The sketch, then the design
We talked it through first, on the phone: what did we like, which little references could we slip into the image? The wedding venue — so, the château; the couple from behind, dressed as on the day he proposed, on the white picnic blanket with the flowers; their dog, and the aeroplane right at the top, for the back-and-forth between France and Mexico.
Once we were happy with the composition, I took a more detailed sketch and began the watercolor.
The watercolor, step by step
Once it was finished, I showed it to them — they loved it.
Front, back: the names and the ornaments
At first I imagined putting the two first names on the front, in calligraphy.

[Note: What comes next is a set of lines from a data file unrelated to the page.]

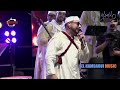Daoudi Abdellah Festival Moulay Abdellah 2026 عبد الله الداودي كشكول شعبي موسم مولاي عبد الله امغار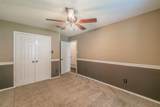 3317 Clearfield Drive - Photo 19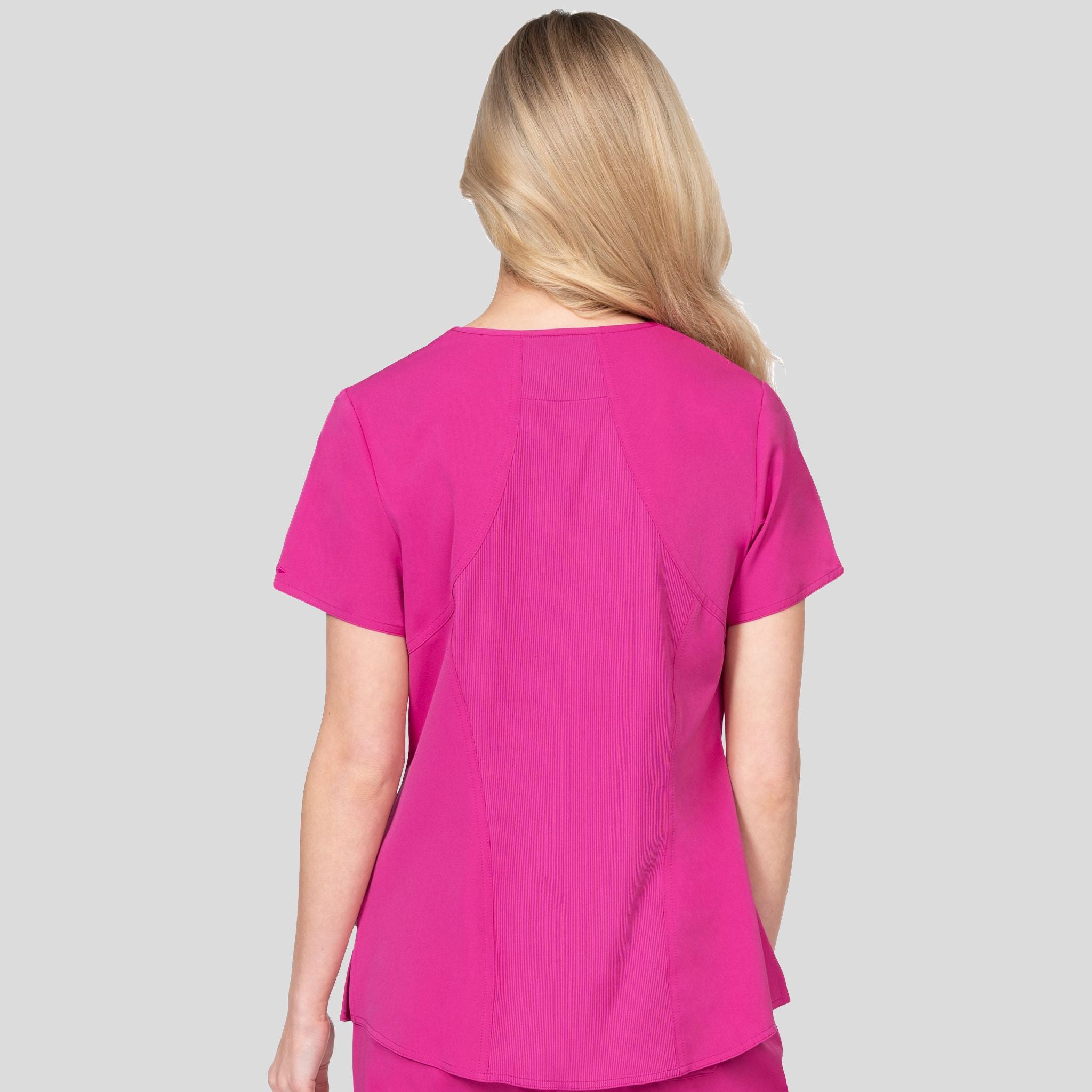 Zavate_AvaTherese_1084_rasberry_back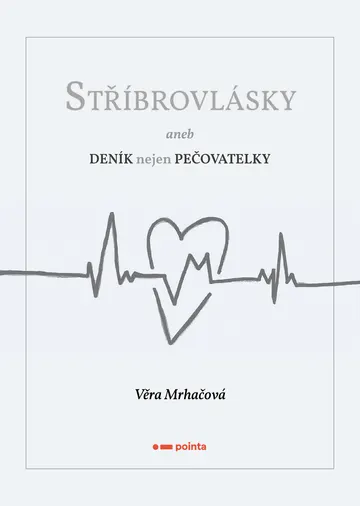 Stříbrovlásky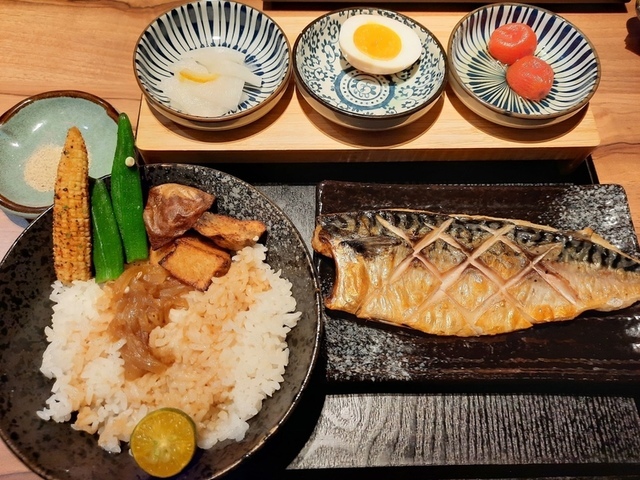 397.jpg - 2021吃美食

In the end, we decided to move the text to the back. For the back, Natalia wanted a few flowers: I first tried a lily, but it no longer pleased me. I went instead for flowers as small ornaments.
From screen to paper
As I mentioned earlier, I worked in Affinity, which I’d discovered for the sign painting, and this time tamed for colour, cropping and formatting for print.
Then came preparing a print-ready file: the bleed, the little marks so the front and back line up properly. I then had the sheets printed at a print shop, and cut them myself on a guillotine — cutting them myself was far cheaper than having the printer do it, and the quantities didn’t make the work too long given the savings.
The result
The paper was gorgeous and the result just as I’d hoped. One tiny detail, if I’m being a perfectionist: the colours aren’t exactly those of the watercolor — the little tower came out a touch redder than the original’s orange, and I could treat myself to a better guillotine… but honestly, you can hardly tell.
I’m truly delighted with the result, and I hope I’ll get the chance to do a project like this one again!!